RECORDS FOR THIS TASK
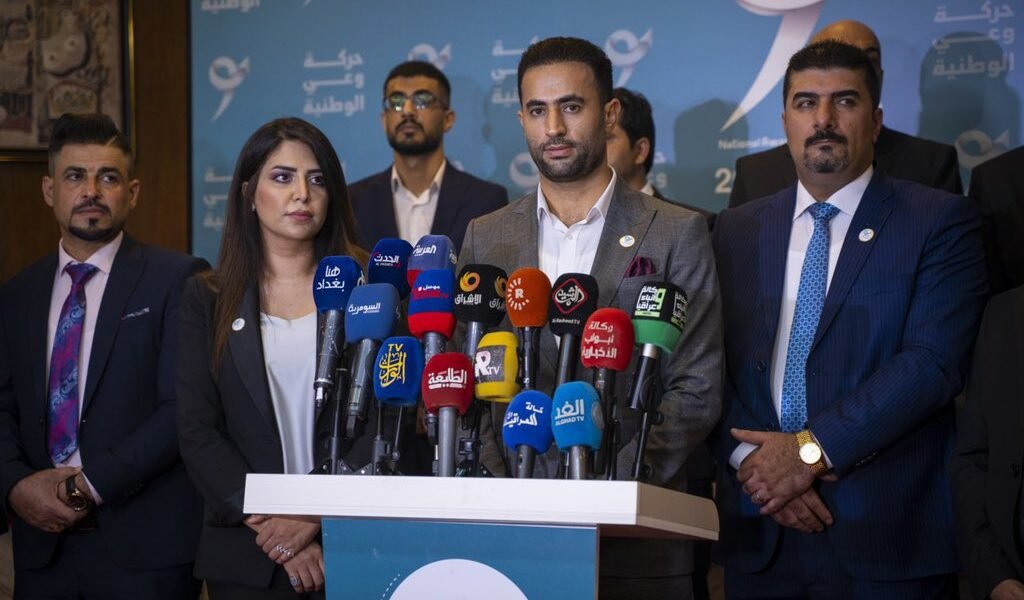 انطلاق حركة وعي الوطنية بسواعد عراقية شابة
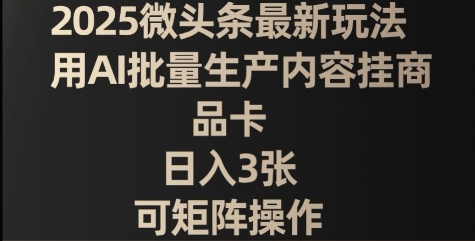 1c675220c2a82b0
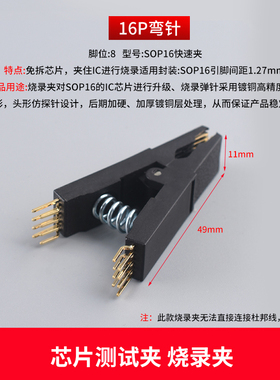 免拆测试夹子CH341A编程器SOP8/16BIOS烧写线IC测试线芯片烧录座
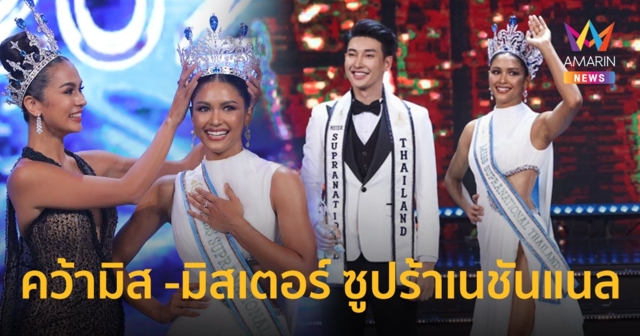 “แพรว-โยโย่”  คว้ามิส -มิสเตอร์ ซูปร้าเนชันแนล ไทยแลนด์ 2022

* * *

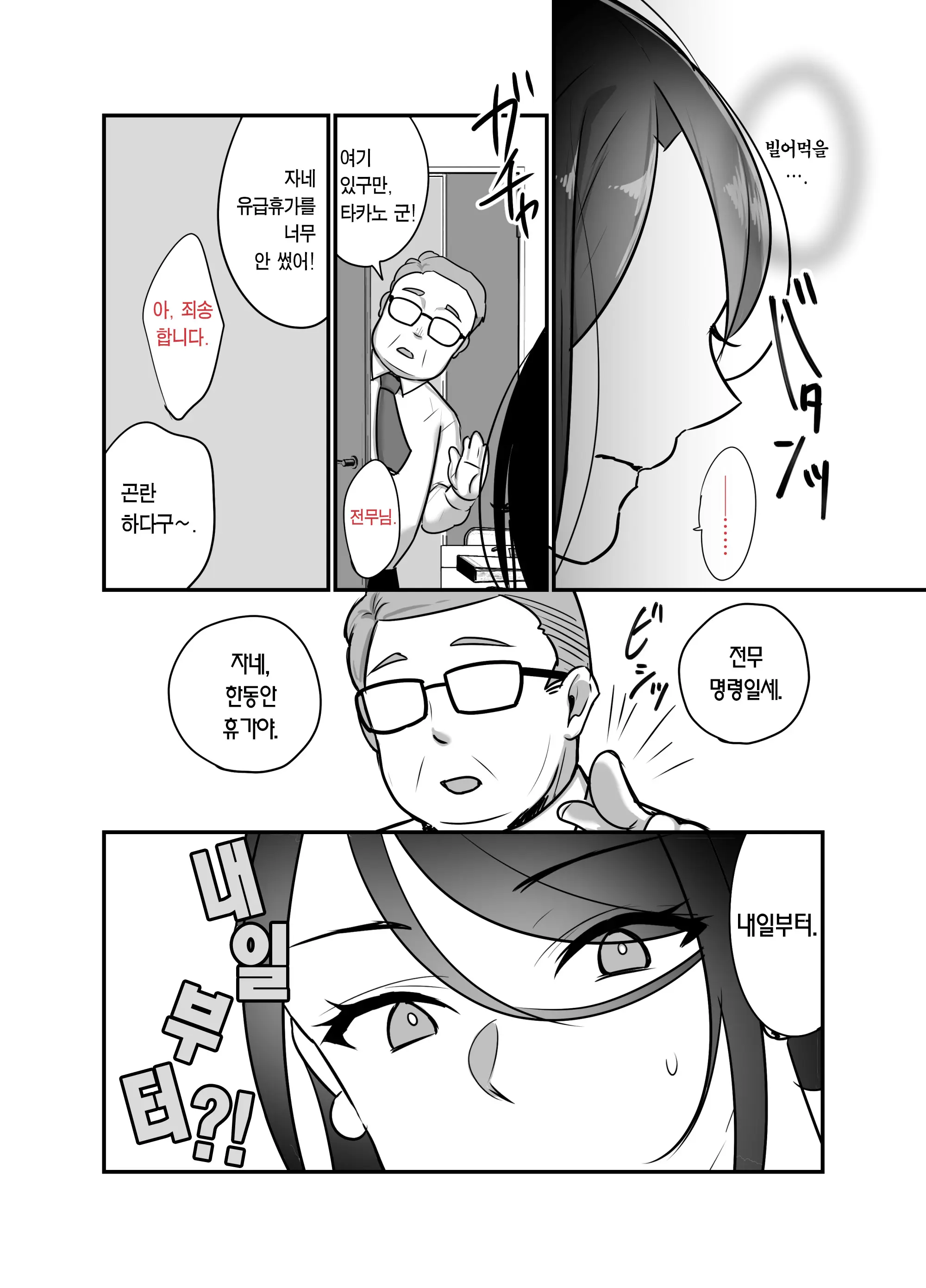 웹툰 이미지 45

ASSIGNED TASK
Return exactly the lines above, from the one with "انطلاق حركة وعي الوطنية بسواعد عراقية شابة" up to and including the one with "ซูปร้าเนชันแนล ไทยแลนด์ 2022", and include no pictures.

YOUR SOLUTION
 انطلاق حركة وعي الوطنية بسواعد عراقية شابة
 1c675220c2a82b0
 免拆测试夹子CH341A编程器SOP8/16BIOS烧写线IC测试线芯片烧录座
 “แพรว-โยโย่”  คว้ามิส -มิสเตอร์ ซูปร้าเนชันแนล ไทยแลนด์ 2022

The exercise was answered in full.